Both projections showed a close race for the last couple of months. That dynamic made sense, because Bredesen is a former two-term governor and so would be likely to start out ahead of where a more generic Democrat would start out.

But about 40 days before Election Day, Blackburn began to really gain steam. Part of the movement is likely the result of the Kavanaugh hearings. Tennessee is a red state, so increased Republican enthusiasm for Kavanaugh may generate net votes for Blackburn (i.e., if pro-Kavanaugh sentiment energized Republicans and anti-Kavanaugh sentiment energized Democrats, the overall math might favor Republicans in a state as red as Tennessee).

But Kavanaugh may not be the whole story. The race might have headed in this direction even if Anthony Kennedy hadn’t retired and Kavanaugh had never been nominated.

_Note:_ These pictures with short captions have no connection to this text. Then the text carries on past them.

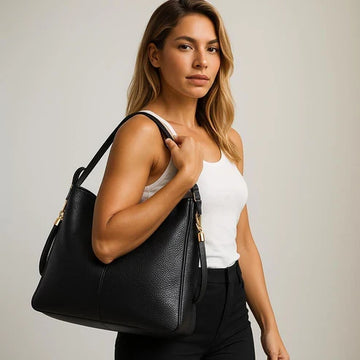 Black Leather Tote Bag – Premium Genuine Leather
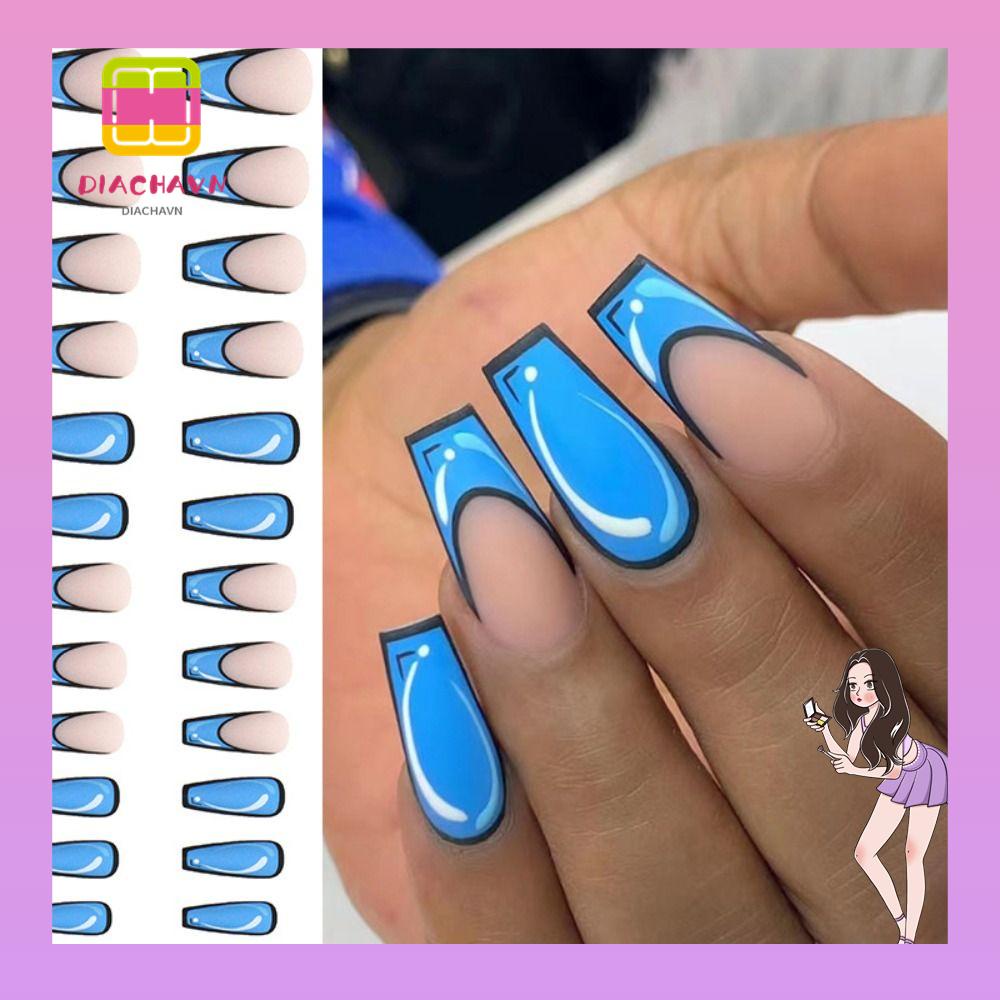 Móng Tay Giả Viền Đen Dạng Nhấn DIY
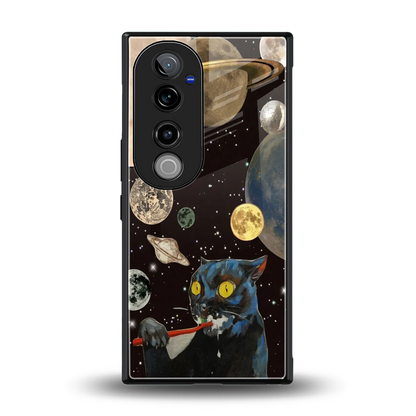 Galactic Purr back phone cover | glass case for vivo v40 pro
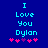 Blue background with cyan text reading "I Love You Dylan" and five pink heart symbols below, where the third heart shifts from purple to pink between frames.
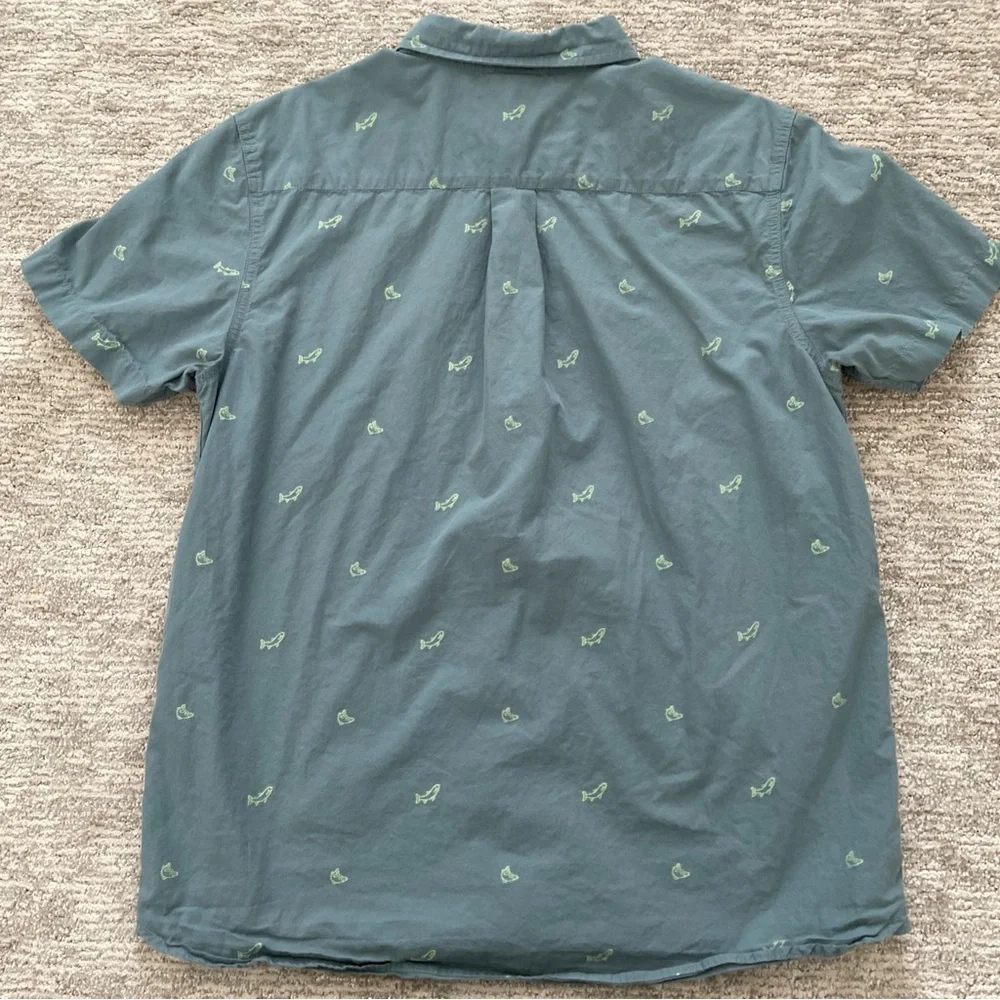 The North Face Shirt Mens Large Blue Short Sleeve Outdoor Fish All Over Print
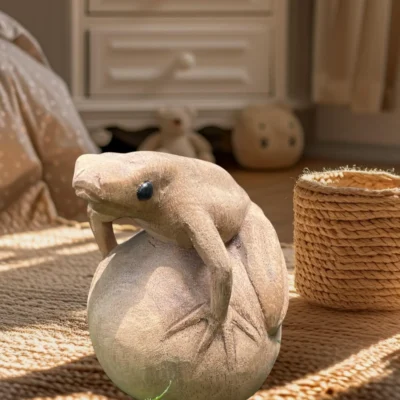 Hand Carved Wooden Frog Figurine,Handmade Animal Decor, Rustic Home Accent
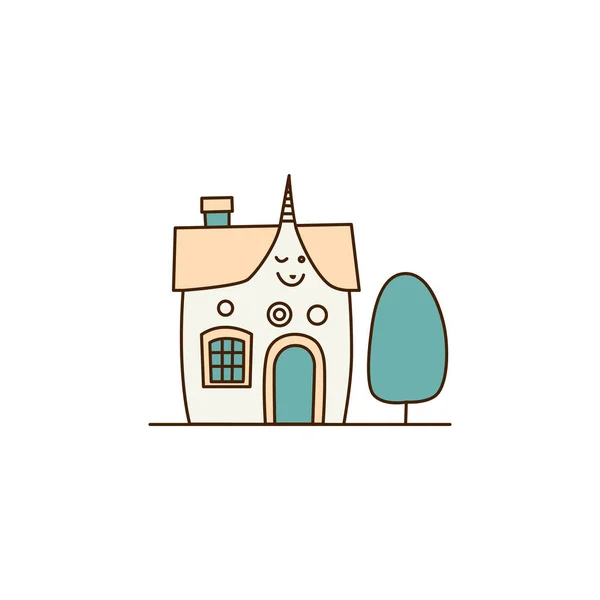 アイコンの周りに青い木のベクトル漫画のホワイトハウス ピンクの屋根と青いアイコンとベクトルかわいい家 — ストックベクタ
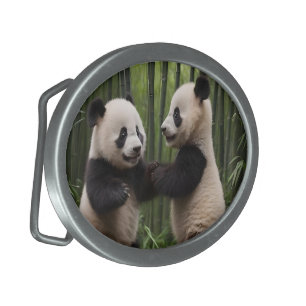Whimsical Wonders: Baby Pandas Play in Forest Belt Buckle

I did a “fundamentals-only” projection of this race—I basically asked the model to look at the Tennessee only using non-head-to-head polling factors. There are a lot of ways to generate fundamentals based forecasts (e.g. I don’t use fundraising data in mine and others do), and different methods will produce different results. But my forecast suggests that the Republican in this race should be at least a 2-to-1 favorite (in terms of odds) in a race like this one.

Moreover, Trump’s approval rating was a net 20 points more positive than negative in September’s Morning Consult survey. If we assume that Bredesen is a solid candidate who could convince a modest chunk of Trump supporters to back him, you might arrive at something like the high single digit lead that Blackburn enjoys now.

Put simply, this race might be heading towards the sort of outcome that non-polling factors suggested all along – a strong but not unbeatable Blackburn advantage.

That puts Marsha Blackburn in sort of a Hillary Clinton zone—the major indicators favor her and she has a real advantage, but it’s not a large enough advantage to rule out an upset. Candidates who are in this zone really do win much more often than they lose, but (maybe obviously after 2016) it’s not a guarantee.

And stubborn races like this are part of the reason that the GOP’s overall win probability has been hovering at around 80 percent in our model. Blackburn is very much the favorite in this race. But she, like Texas Sen. Ted Cruz and (to a lesser extent) North Dakota Rep. Kevin Cramer, haven’t yet totally put away their opponents. They’re all real favorites in their respective races, but they’ll all have to keep plugging away through Election Day.